Credit card interest rate is an enigma. We all know that credit cards are accompanied by notorious APRs (Annual Percentage Rate), but we barely know how to calculate credit card interest rate. Credit card APRs are usually in double digits; it can be as high as 30-35% per annum. Credit card users are charged interest only when they carry a credit balance from one month to another.

So, if you're paying your credit card bills on time, you wouldn't have to pay any interest at all. However, if you are simply paying the minimum due, the hefty APR applies to the remainder. The longer and the heftier outstanding balance you have, the more is the interest payable. Additionally, a GST of 18% will also be applicable to the amount. And don't forget, credit card interest is compounded. You'll be buried deep in debt even before you realize!

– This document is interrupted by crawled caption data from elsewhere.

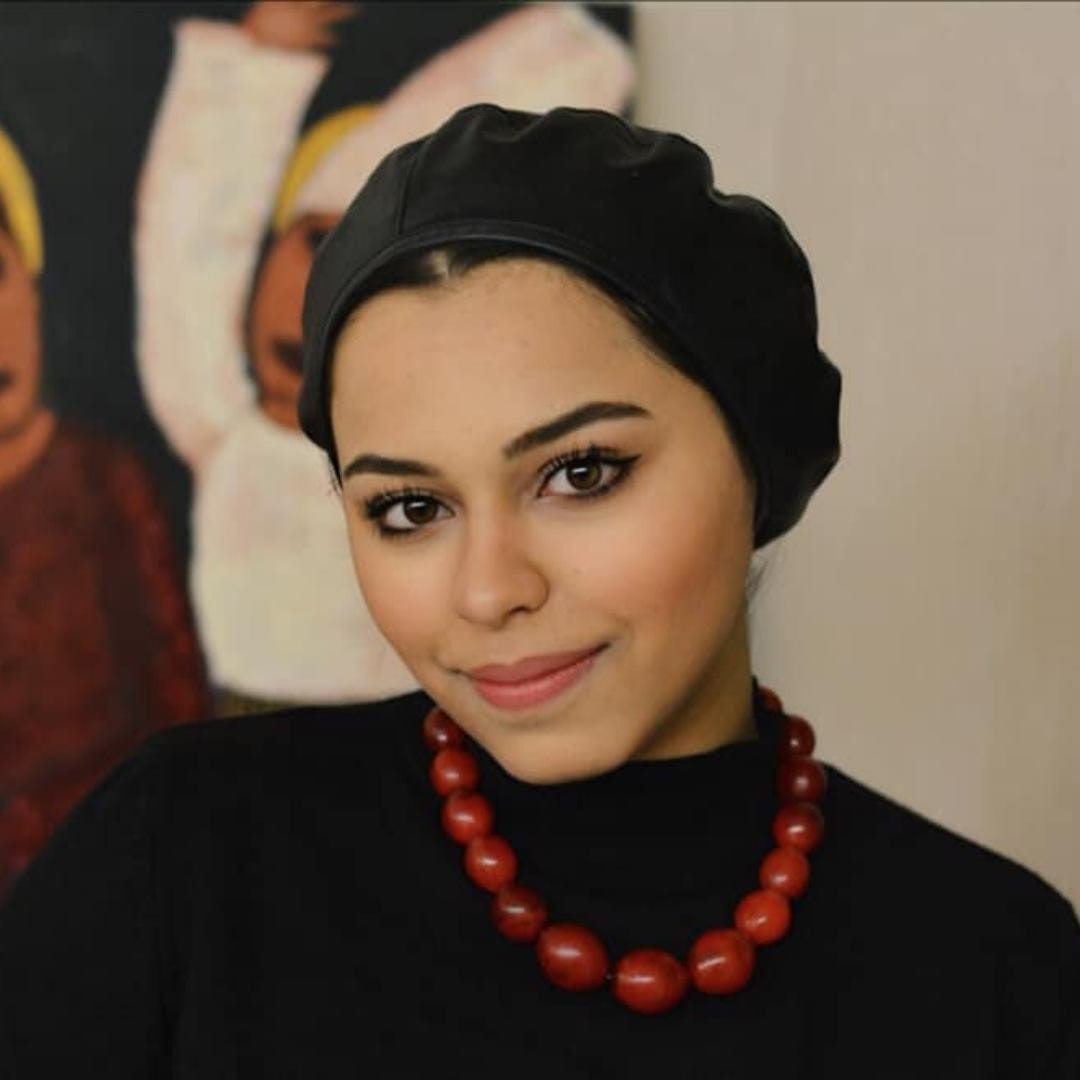May be an image of Malak Mattar, hair, headscarf, outerwear and jewelry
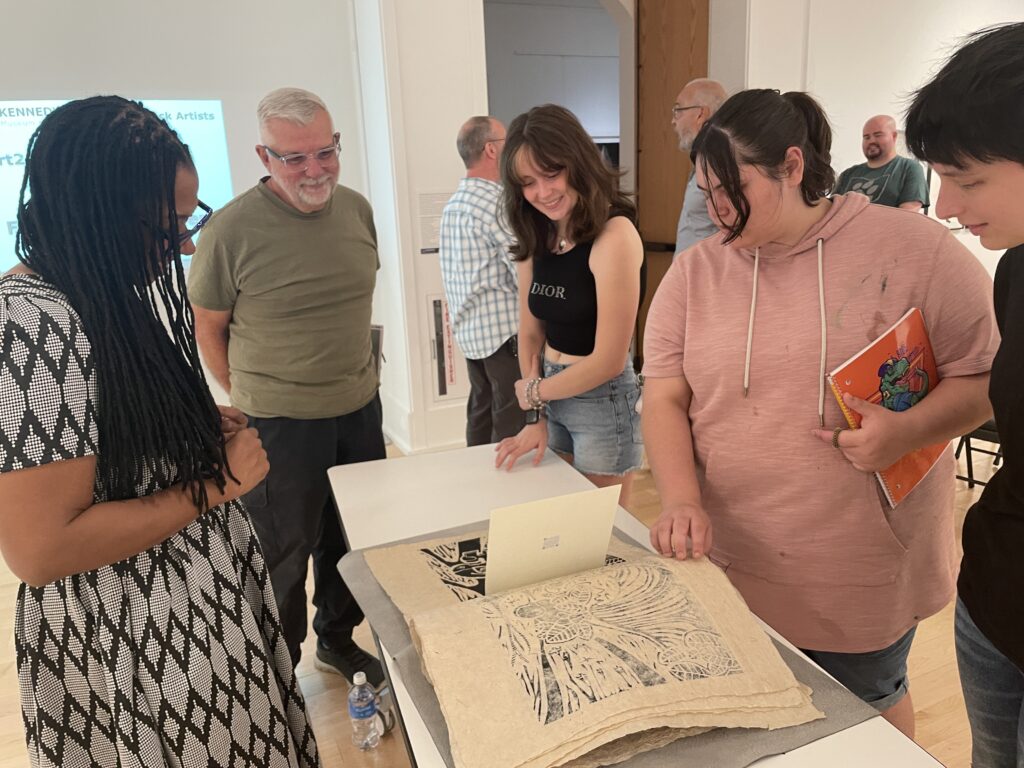 Artist Sauda Mitchell discussing her artists' book Voyage with event participants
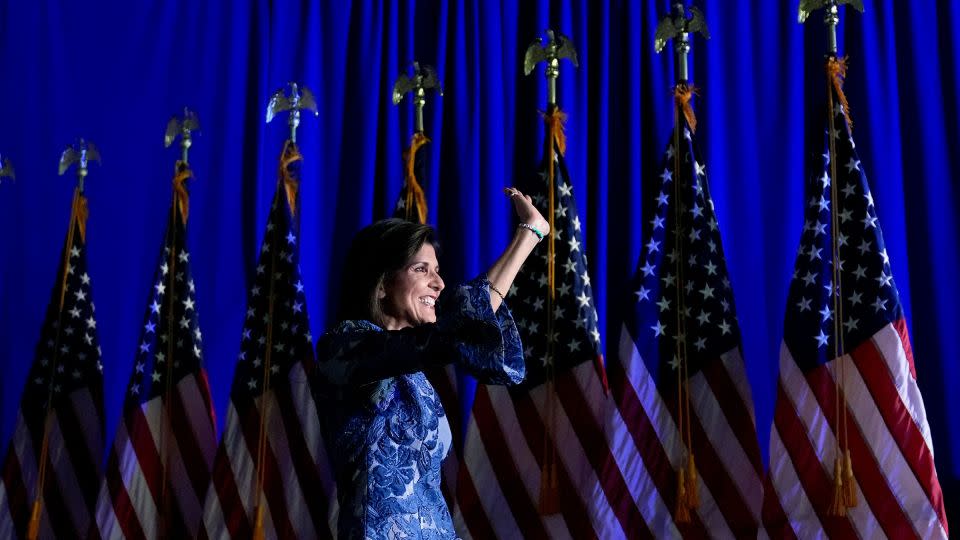 Haley waves to the audience as she speaks at a New Hampshire primary night rally, in Concord, New Hampshire, on Tuesday. - Charles Krupa/AP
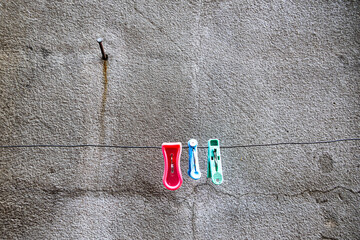 Three.  Three pegs hanging from a line and a nail in a concrete wall.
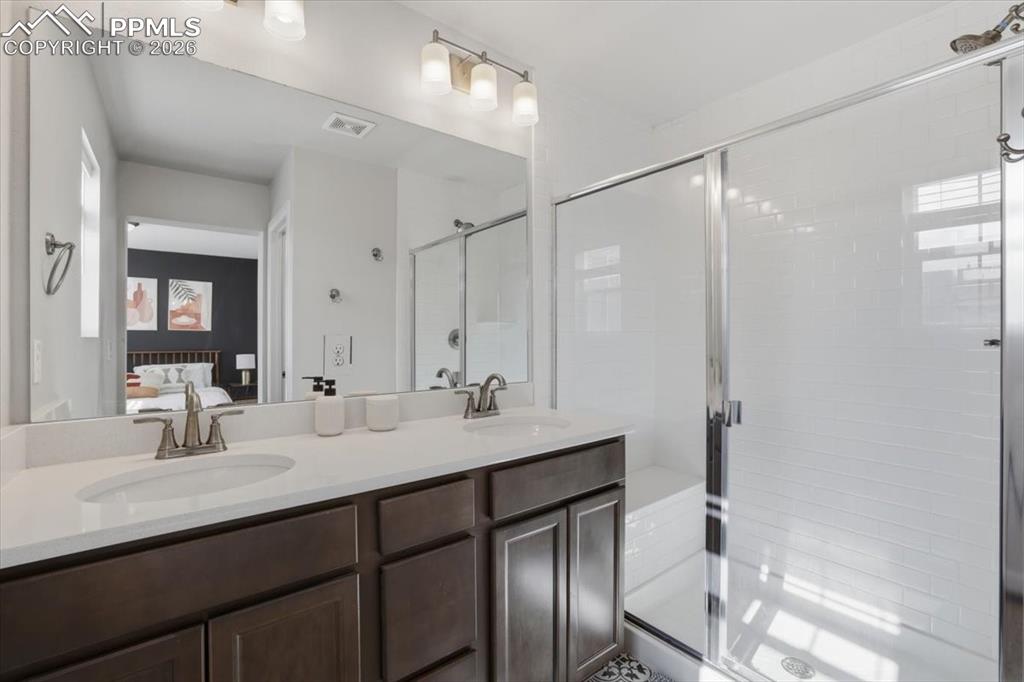 Image 29 of 40: Primary bathroom with dual sinks and walk-in shower.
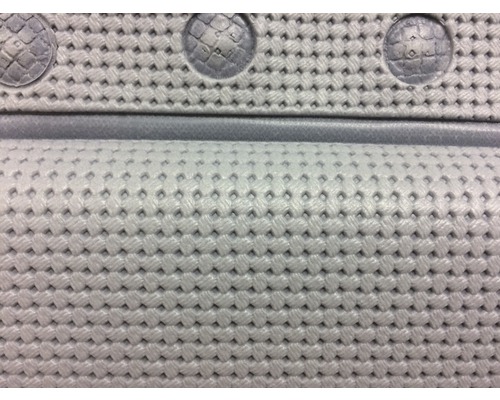 Närbild av ett strukturerat tyg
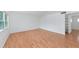 Light-filled living room with hardwood floors and an entry to closet space at 236 Harbor S Dr # 205, Venice, FL 34285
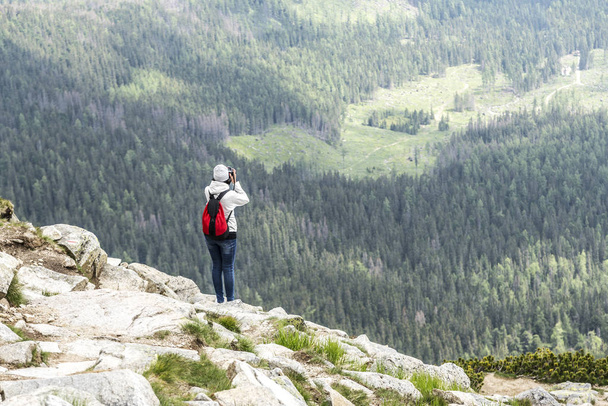 Woman photographer taking photo at mountain peak. - Fotoğraf, Görsel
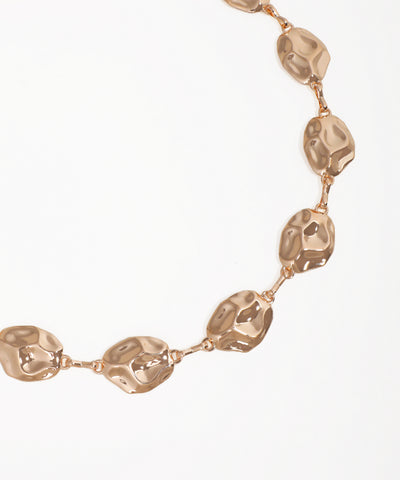 Rose gold necklace on a white background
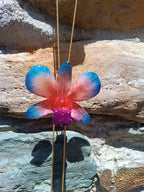 Collana con orchidea naturale azzurra e rossa inglobata in resina e saliscendi oro su bronzo regolabile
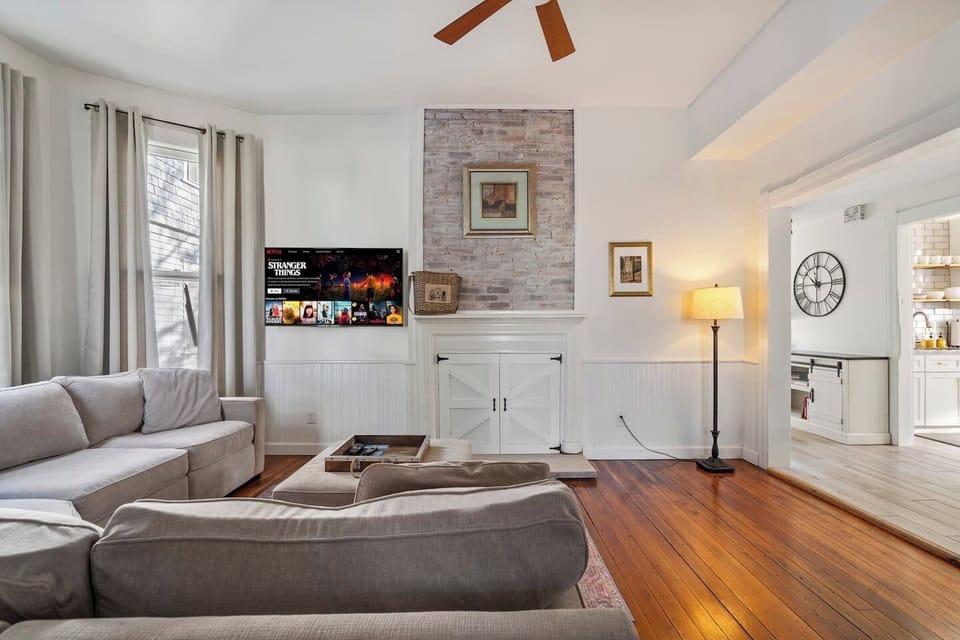 55" Smart TV and comfortable sectional — the perfect spot to unwind after a day downtown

So, unless you're using a credit card with 0% credit card APR, your interest charges will rise along with your rising outstanding balances. Making only the minimum payment will barely wipe out your last month's interest. And assuming that you keep using the card every month, your outstanding balance will pile up, attracting a huge amount of interest and taxes, and you will fall further and further behind in settling the amount.

Credit Catastrophe

Although you have a credit limit of Rs.1 lakh, you are expected to keep your expenses (technically known as credit utilization ratio) within Rs.30,000, i.e., 30% of the credit limit. Credit utilization ratio plays a major role in determining your credit score. If your credit balance rises, so does your credit utilization ratio, and your credit score takes a hit. A serious blow to your credit score can take years to repair.

A bad credit score can mess up your life - it will not only be harder for you to qualify for new lines of credit, but it can also affect your ability to find a job or get a new phone connection or rent an apartment, as employers and service providers often review your credit score to evaluate your credibility.

To Sum Up

Credit card companies aren't giving you "free money;" neither are they your friends. They are in the big game of making money. Lenders often obfuscate important details, camouflaging the deadly consequences of certain actions with lucrative offers that tempt you to indulge.

Don't be gullible enough to step into this quagmire of credit card debt. Stay aware, stay informed, and settle all your dues in time. Do not forget to check your credit score regularly to keep track of how well your efforts are paying off.